Group: Lusine Khachatryan, Jules Perrin, Viola Renne
Tutors: Luca Fusar Bassini, Halima Hannah Schede
Supervisor: Gioele La Manno
Laboratory: Laboratory of Brain Development and Biological Data Science, EPFL, Switzerland
ML Project: ML4Science
This project aims to predict the abundance of 156 lipids in a specific brain section using spatial gene expression data. The prediction is based on the expression levels of 500 genes.
The task is essentially a regression problem, as it involves predicting values on a continuous scale. Specifically, we are predicting the abundance of a given lipid using the expression levels of nearby genes.
The main challenge lies in the non-uniform distribution of spots where gene expression was measured across the brain section (see Figure 1). Consequently, the points where we want to predict lipid abundance may vary in the number of gene expression spots in proximity. Managing this variability is a key aspect of addressing the task effectively.
The dataset for gene expression comprises 3,741,416 rows and 596 columns. After isolating only Section 12, there are 186,090 remaining rows. Each row corresponds to a specific point (nucleus) in mouse (Mus musculus) brain Section 12, where the expression levels of 500 genes were measured. The columns x_ccf, y_ccf, and z_ccf denote the spatial coordinates of these nuclei, sharing the same scale as the coordinates in the lipids' data. Gene expression values are found in columns 46 to 545, while all other data in the gene expression dataset is irrelevant to this project. The distribution of gene expression measurement points across the brain section is non-uniform, as illustrated in Figure 1.
In this study our objective is to accurately predict the abundance of 156 brain lipids, each measured in 89,395 points across the Mus musculus brain. Since we focus exclusively on Section 12, the x_ccf coordinate remains consistent for all measurements and is not relevant to this project. Each lipid has a dedicated column. The measurement points for lipids are uniformly distributed across the brain section, as illustrated in Figure 1.
- Exploratory data analysis
- Data cleaning
- Predictors distribution
- ML models training
- Selection of final ML model
- Model interpretation & and analysis
You can use the environment.yml file to create a conda environment with all the necessary libraries. (CPU Version) We recommend using Miniconda to create the environment.
conda env create -f environment-cpu.yml
The CPU version is a fallback option if you don't have an NVIDIA GPU, since the computational time is significantly longer. But if you have an NVIDIA GPU, you can use the environment-gpu.yml file to create a conda environment with all the necessary libraries. (GPU Version)
conda env create -f environment-gpu.yml
For the MLP model, you can use environment-MLP.yml file to create a conda environment with all the necessary libraries to run the training of the model.

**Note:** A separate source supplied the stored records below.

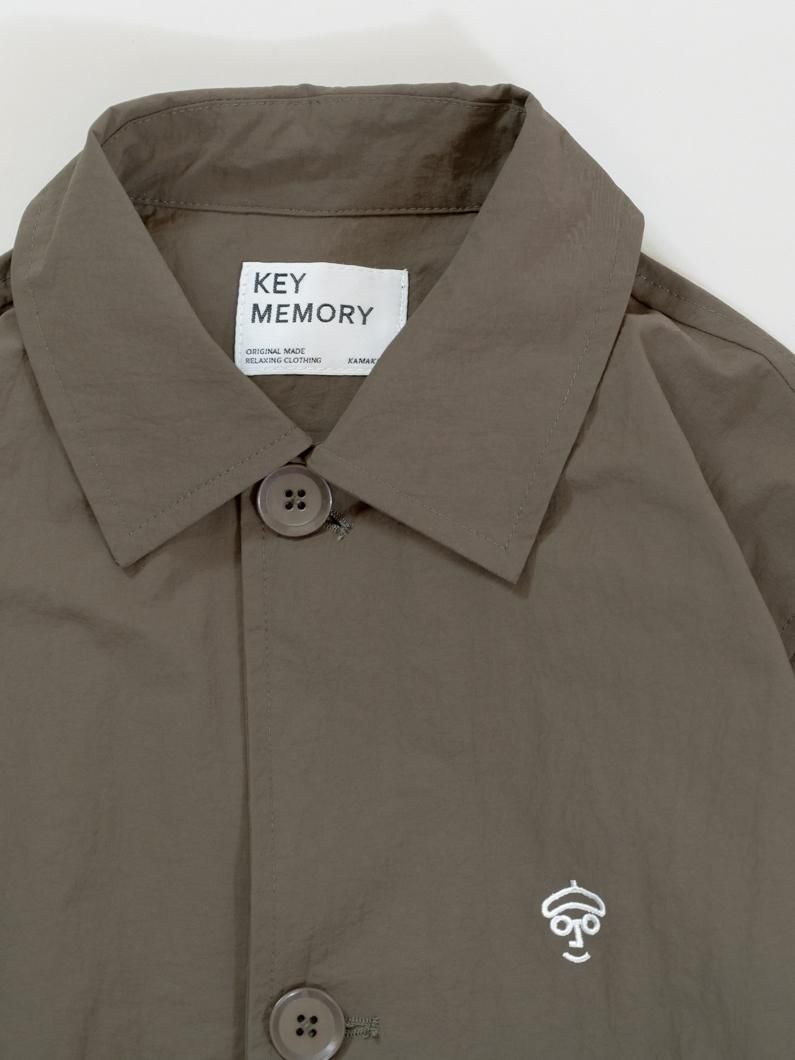 キーメモリー　KEYMEMORY 鎌倉　ソリューションカラーコート　カーキ　M ナイロン ステンカラーコート | KHAKI - KEY MEMORY Online Shop｜鎌倉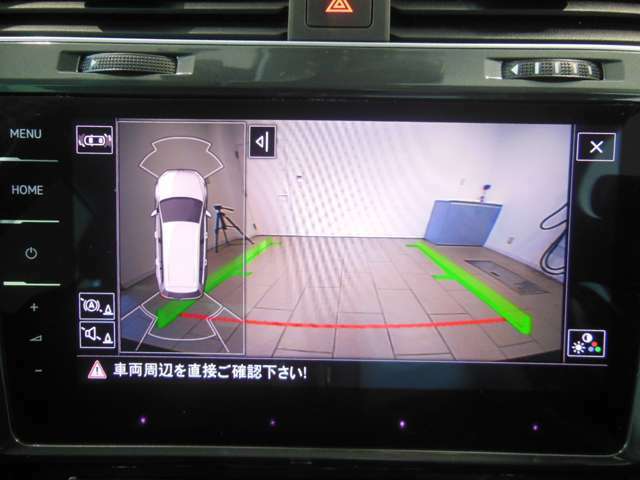 バックカメラがあるので車両後方の安全確認もラクラクです！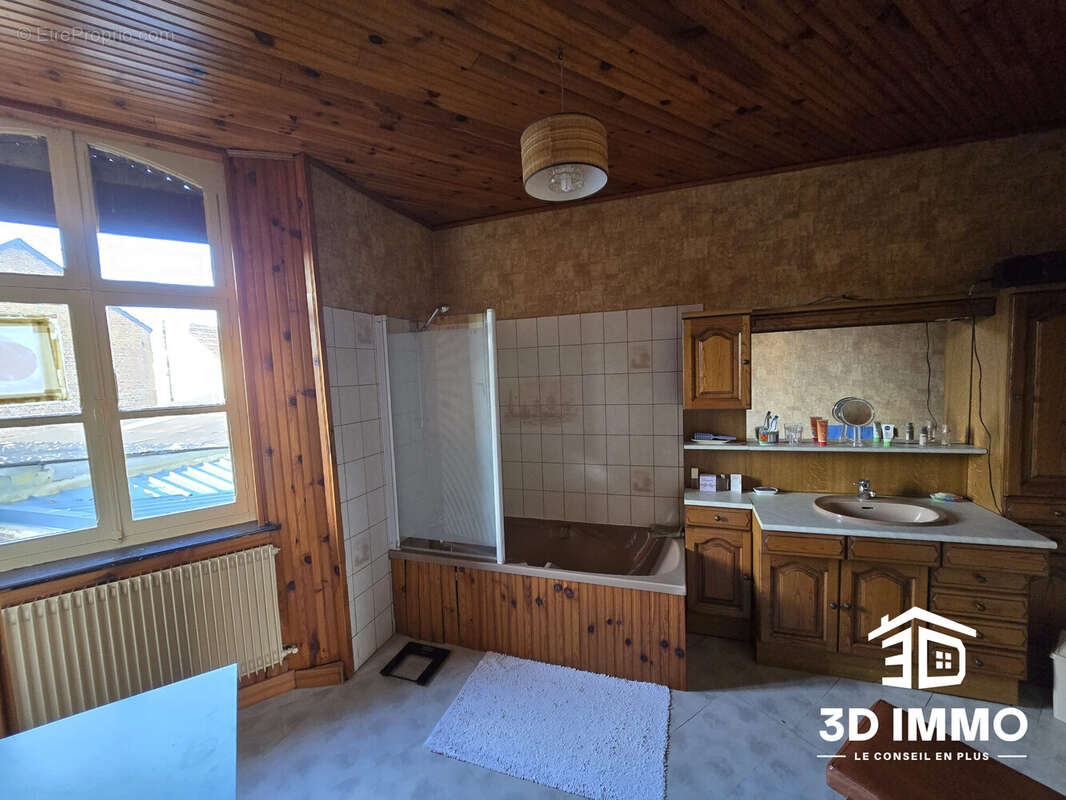 Maison à AVESNES-SUR-HELPE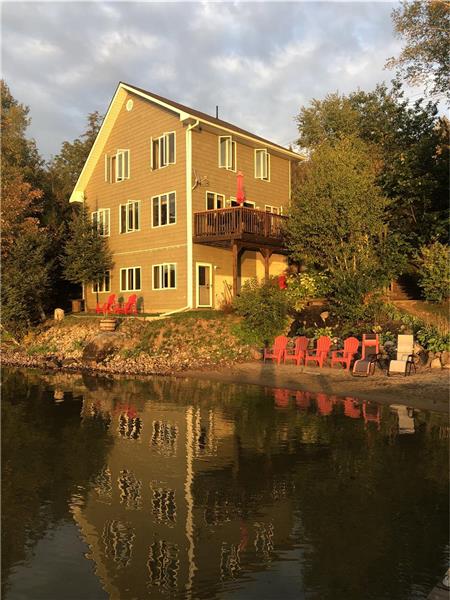Nana's Cabin, Lake of Bays, Dorset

conda env create -f environment-MLP.yml
You should use CUDA version 12.1!
- pandas
- numpy
- matplotlib
- seaborn
- scipy
- pycaret[full]
- scikit-plot
- tables
- sklearn
- tqdm
- pytorch
- keras
- tensorflow
- tensorflow_addons
- data: Contains the data used for the analysis. In the case it is empty the data is available on this drive here and everything in it should be placed in the data folder.
- documents: Contains the documents (project description, Appendix).
- images: Contains the images for the README, report, and Appendix.
- results: Contains the results of the different models.
- run.py: Main file to repeat the analysis on the selected model (CatBoost), using the negative logarithm decay with 1000 neighbors and on the selected subset of lipids.
- FigureGenerator.ipynb: A notebook that generates images for the report and Appendix.
- models.ipynb: Contains the different averaging techniques tried and in general the tools to iterate over the models.
- neural_network.ipynb: Contains the code for the training and evaluation of the MLP (Multi-Layer Perceptron) model.
Figure 1. Points where lipid abundances (larger, red) and gene expression (smaller, blue) were measured. The y_ccf and z_ccf coordinates from [5, 6]
segment were utilized to generate this representation, while the x_ccf coordinate was disregarded.